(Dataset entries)
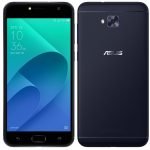 Asus Zenfone 4 Selfie Lite ZB553KL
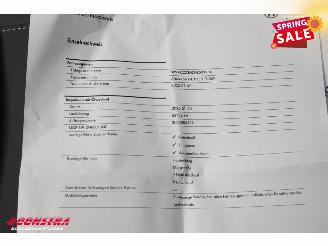 Volkswagen Arteon 1.4 TSI eHybrid R-Line Pano LED ACC Leder Memory 360° AHK picture 26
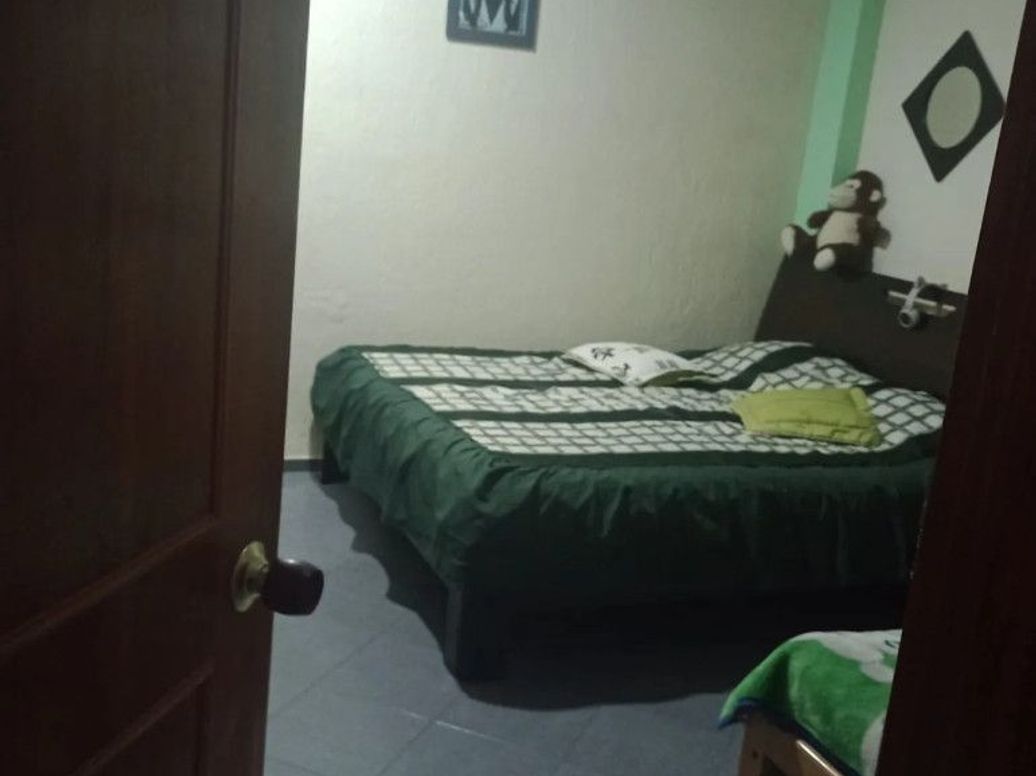 Casa de 6 alcobas en venta en El Virrey, Bogotá, 280 m² · foto 11 de 20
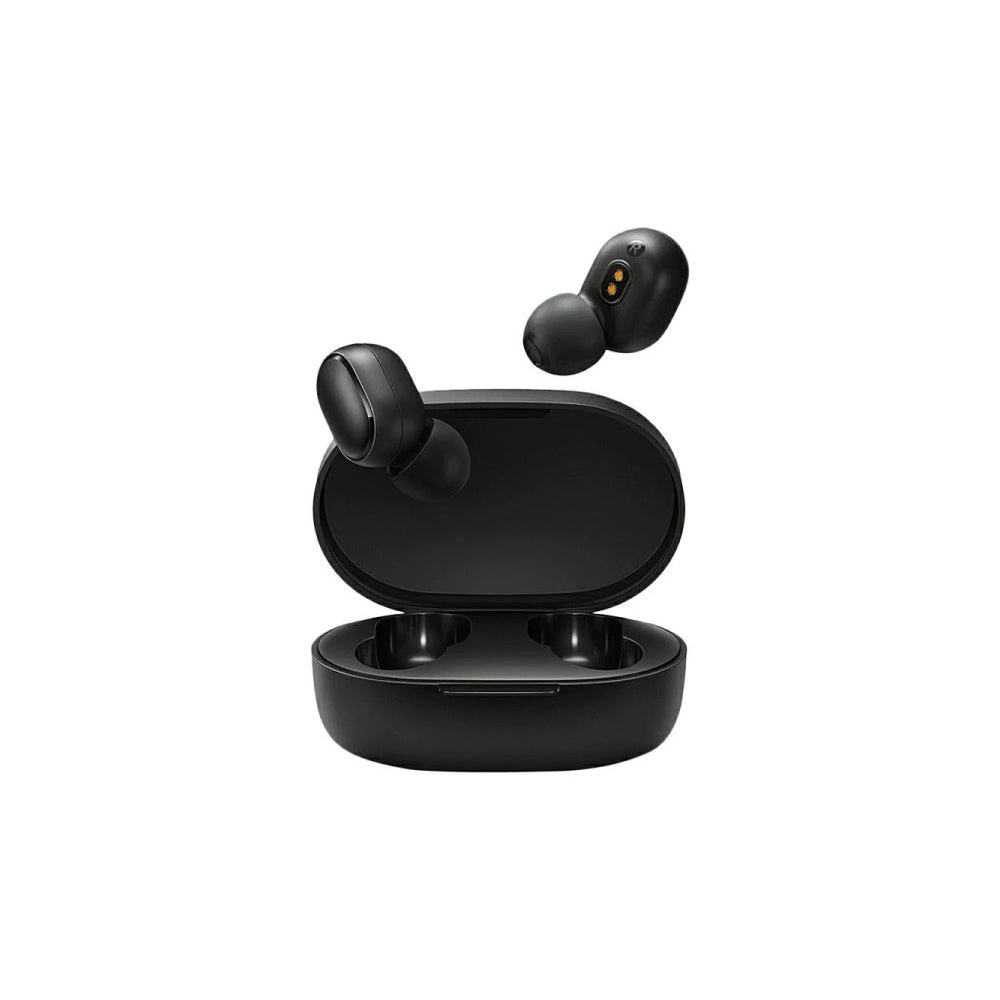 Xiaomi - Mi True Wireless Earbuds Basic 2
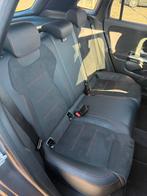 Mercedes-Benz GLA 250 e 218pk 8G-DCT 2023 Grijs, Auto's, 1800 kg, USB, 163 pk, 75 €/maand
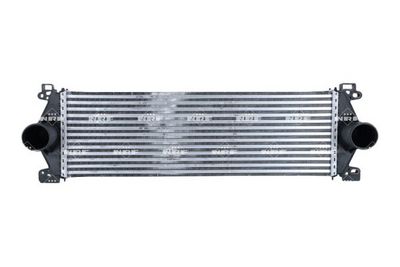 Chladič turba NRF 309086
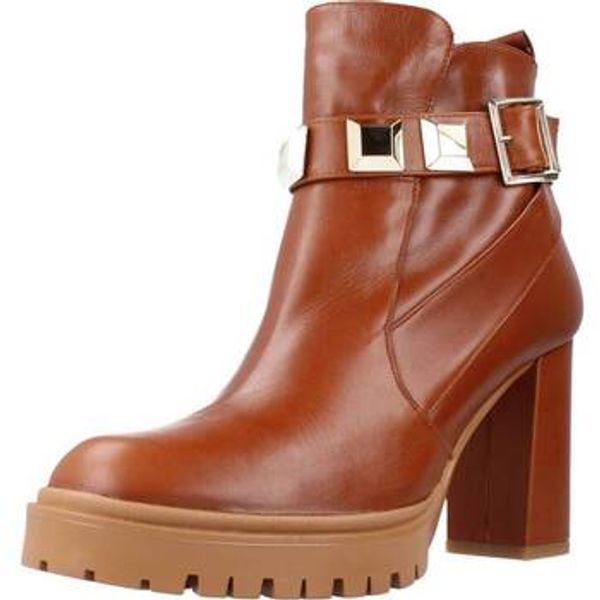 Lodi Lodi  Čizme OSLO  Lodi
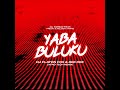 Yaba Buluku Flaton Fox Dee Cee Afro Tech Remix mp3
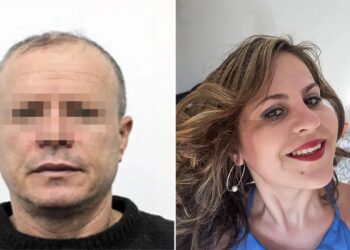 Μενίδι: Αμετανόητος ο δράστης – «Σκότωσα τη γυναίκα μου & δεν το μετανιώνω»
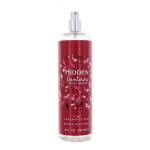 Hidden Fantasy Body Mist Dama 236 ML Agathamarket.cl 2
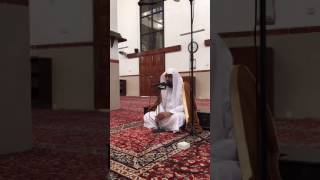 صورة DrAlsoger 2016 12 05 01 06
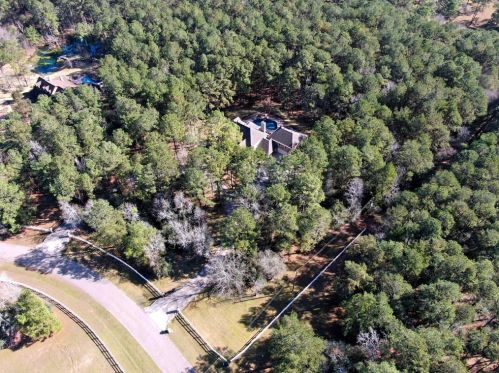 1802 Cattle Dr, Magnolia, TX 77354-5072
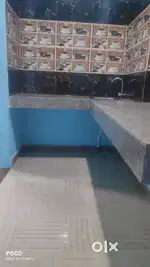 Girl room mate required in Hanspal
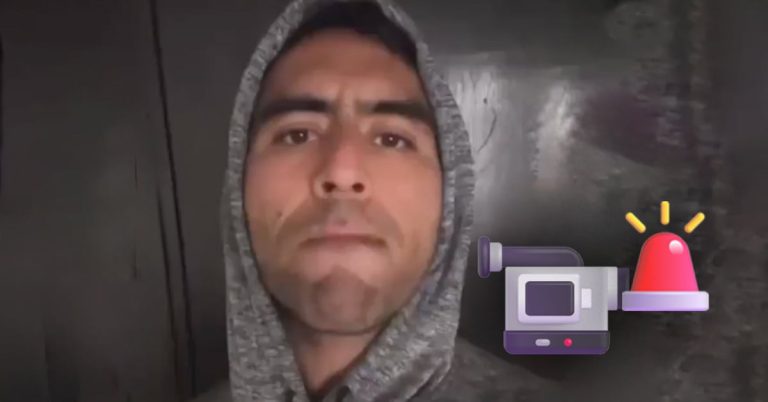 72ls4tcerzcezpjia2xoicv4xq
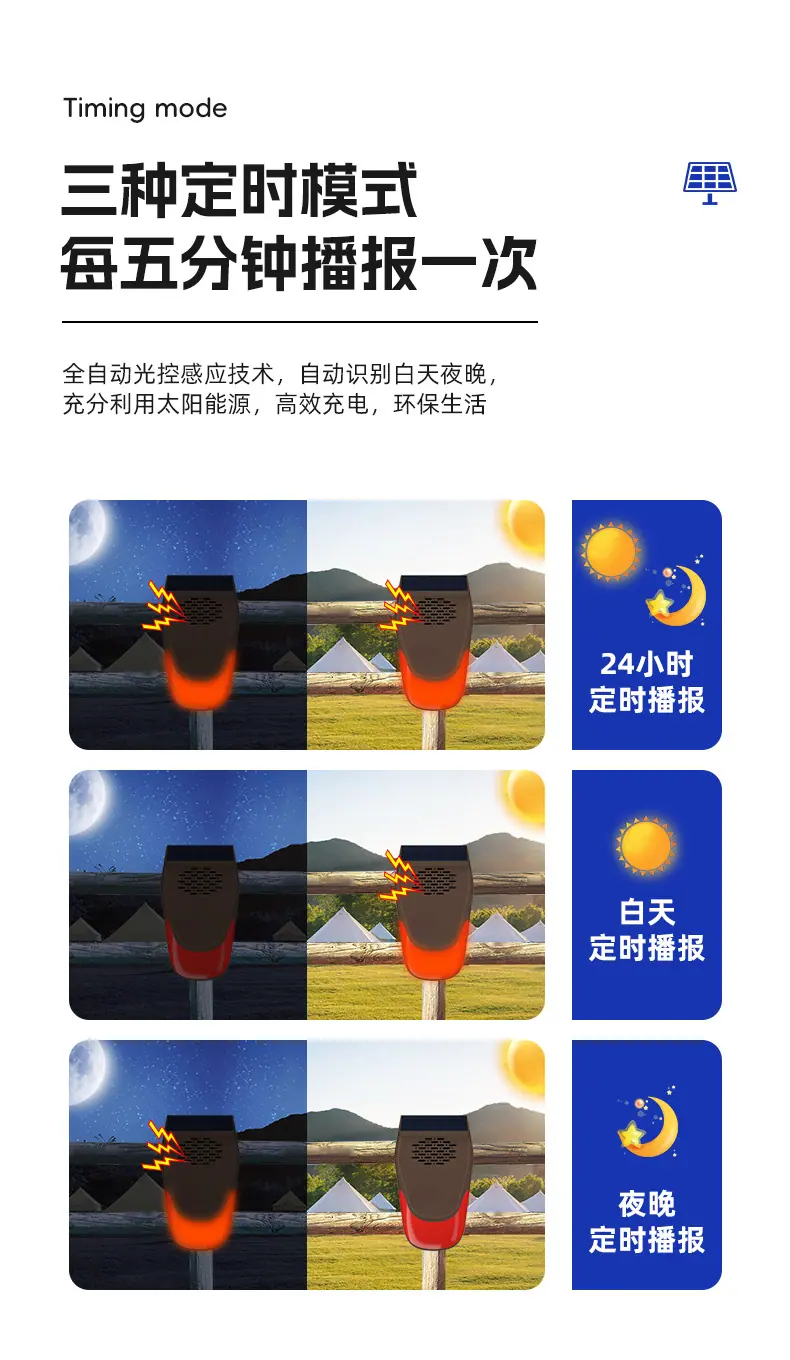 CT90L棕色-中文详情页_04.jpg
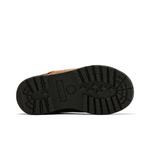 Ботинки Timberland Field Boot Toddler 'Sundance' 4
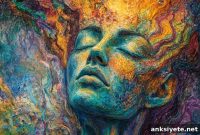 New Study Challenges Leading Theories of Consciousness Origins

Problem to solve — The records above are to be retyped exactly, with every picture left out.

Exercise output —
 Asus Zenfone 4 Selfie Lite ZB553KL
 Volkswagen Arteon 1.4 TSI eHybrid R-Line Pano LED ACC Leder Memory 360° AHK picture 26
 Casa de 6 alcobas en venta en El Virrey, Bogotá, 280 m² · foto 11 de 20
 Xiaomi - Mi True Wireless Earbuds Basic 2
 Mercedes-Benz GLA 250 e 218pk 8G-DCT 2023 Grijs, Auto's, 1800 kg, USB, 163 pk, 75 €/maand
 Chladič turba NRF 309086
 Lodi Lodi  Čizme OSLO  Lodi
 Yaba Buluku Flaton Fox Dee Cee Afro Tech Remix mp3
 Μενίδι: Αμετανόητος ο δράστης – «Σκότωσα τη γυναίκα μου & δεν το μετανιώνω»
 Hidden Fantasy Body Mist Dama 236 ML Agathamarket.cl 2
 صورة DrAlsoger 2016 12 05 01 06
 1802 Cattle Dr, Magnolia, TX 77354-5072
 Girl room mate required in Hanspal
 72ls4tcerzcezpjia2xoicv4xq
 CT90L棕色-中文详情页_04.jpg
 Ботинки Timberland Field Boot Toddler 'Sundance' 4
 New Study Challenges Leading Theories of Consciousness Origins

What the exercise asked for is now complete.